Deux ans plus tard, le facteur glisse dans la boîte une nouvelle lettre ornée d’un timbre nazi. « Ma chère Elsa, sans nouvelles de toi, je suis folle d’inquiétude. Comment allez-vous, toi et tes enfants ? Je suppose que tu dois m’en vouloir terriblement, mais je voudrais tellement avoir de tes nouvelles. Mon mari doit prochainement se rendre à Bruxelles pour ses affaires, accepterais-tu de prendre un café avec lui ? Il pourrait ainsi s’enquérir de votre situation et te donner le petit colis que j’ai préparé pour toi. » Cette fois, ma grand-mère lui répondit et langue fut prise.
Elsa (que nous appelions Mémy) était un peu gênée d’avoir rendez-vous dans un café de la Bourse avec un Allemand, au beau milieu de l’année 1943, mais elle s’y rendit avec courage et son plus beau chapeau. Elle parlait très bien l’allemand et bavarda le plus doucement possible avec le bonhomme. Elle n’eut aucune occasion de s’épancher tant ce fut lui qui tint le crachoir. Il parlait fort et n’eut de cesse de vanter ses affaires florissantes.

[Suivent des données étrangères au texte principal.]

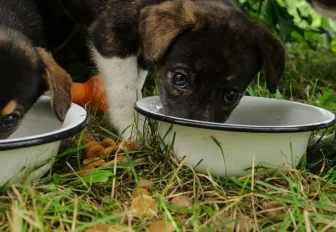 Сомелье кормов для собак ищут в Новосибирске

Il dirigeait une usine de pièces mécaniques dans une petite ville proche de la Ruhr. Sa production tournait à plein régime (nazi) car les besoins du Reich étaient grands. Et son usine échappait miraculeusement aux bombardements alliés de par sa situation géographique légèrement éloignée des cibles des Anglais et des Américains. Le bonheur, quoi ! Il aimait Margarete, qui lui avait donné trois merveilleuses petites filles blondes, et tout allait pour le mieux dans le meilleur des mondes. Il n’eut aucun mot de réconfort pour l’amie de sa femme, aucun signe d’une quelconque empathie.

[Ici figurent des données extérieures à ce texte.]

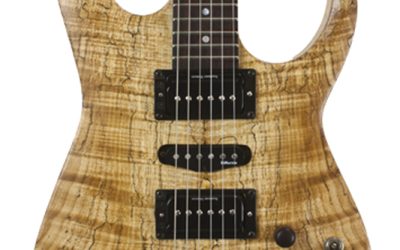 Build Your Own Custom Guitar – Phil – BYO – 309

Le soir, autour de la table du dîner, ma grand-mère raconta son escapade aux enfants. Théodule, qui dînait avec eux, releva un détail : « Vous dites que son usine n’a subi aucun bombardement ? Et où se situe-t-elle exactement, son usine ? » À cet instant, ma grand-mère blêmit car elle eut une pensée pour son amie d’enfance. Mais devant l’insistance hilare de ma mère et de mon oncle, elle donna l’adresse à Théodule. Fin de l’acte deux.

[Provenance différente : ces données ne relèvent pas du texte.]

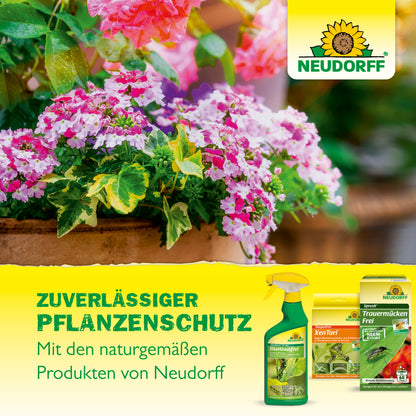 Spruzit Schädlingsfrei RosenSpray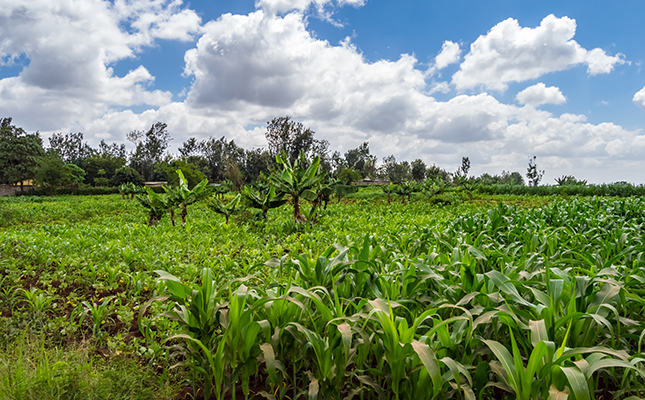 R32 million investment in Kenya’s small-scale farmers R32 million investment in Kenya’s small-scale farmers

Environ deux semaines plus tard, ma grand-mère trouva dans sa boîte aux lettres un nouveau pli en provenance d’Allemagne. « Meine liebe Elsa, nous venons de vivre l’enfer. Mon mari est dévasté. Figure-toi que son usine a été entièrement rasée, il y a deux nuits, par un bombardement anglais. Il ne reste rien. Nous sommes ruinés. Heureusement, nous sommes tous les cinq sains et saufs. » Fin de l’acte trois.
Elsa et Margarete ne se revirent jamais.